Hey, TF .... Gotta love those night time lights!!! :thumbsup: :banana:

Cheers ... Charles


----------



## treefork (Feb 1, 2010)

Charles said:


> Hey, TF .... Gotta love those night time lights!!! :thumbsup: :banana:
> 
> Cheers ... Charles


Shooting a head of a match in low light conditions is very gratifying . I would explain how it's possible but people wouldn't believe it any way .


----------



## Can-Opener (May 11, 2013)

Light em up Marty  Simply amazing shooting


----------



## treefork (Feb 1, 2010)

Can-Opener said:


> Light em up Marty  Simply amazing shooting


Thanks Randy !


----------



## Tag (Jun 11, 2014)

Wait until I show some of the guys this one!!!!!! Good shooting


----------



## Ibojoe (Mar 13, 2016)

Awesome shooting TF!


----------



## BAT (Feb 26, 2015)

treefork said:


> Charles said:
> 
> 
> > Hey, TF .... Gotta love those night time lights!!! :thumbsup: :banana:
> ...


I would like to belive!!

Amazing shot! and great light show.

Cheers!


----------



## Quercusuber (Nov 10, 2011)

That is just FANTASTIC!!!!! What an AMAZING shot!!
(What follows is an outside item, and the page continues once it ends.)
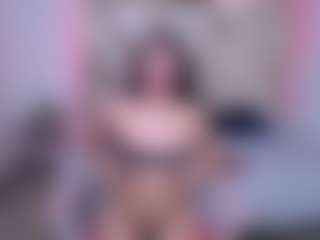 CherryLips's Live Sex Cam Show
Now there's a thing to try: light up some fireworks with a slingshot!! Very cool!!

Sir, in the conditions you've made that shot, I would say you have some cat's eyes!!!! 

Awesome!!!!

Best regards ...Q


----------



## treefork (Feb 1, 2010)

Can-Opener said:


> Light em up Marty  Simply amazing shooting


Thanks for watching and the support Randy !


----------



## treefork (Feb 1, 2010)

BAT said:


> treefork said:
> 
> 
> > Charles said:
> ...


Thank you Bat !


----------



## treefork (Feb 1, 2010)

Quercusuber said:


> That is just FANTASTIC!!!!! What an AMAZING shot!!
> 
> Now there's a thing to try: light up some fireworks with a slingshot!! Very cool!!
> 
> ...


Thank you Master Q !


----------



## Flatband (Dec 18, 2009)

TOTAL SICKNESS!!!!!! I love it!


----------



## treefork (Feb 1, 2010)

Flatband said:


> TOTAL SICKNESS!!!!!! I love it!


Thanks Gary . I really enjoyed this series of firework shots . Lighting fireworks with a slingshot is a blast !


----------



## Dr J (Apr 22, 2013)

treefork said:


> This shot consists of lighting a strike anywhere match which ignites a strobe light fire work .This was done in low light conditions after sundown . Done in one shot .


excellent shot TF

Sent from my iPhone using Tapatalk


----------



## treefork (Feb 1, 2010)

Thanks Doc .


----------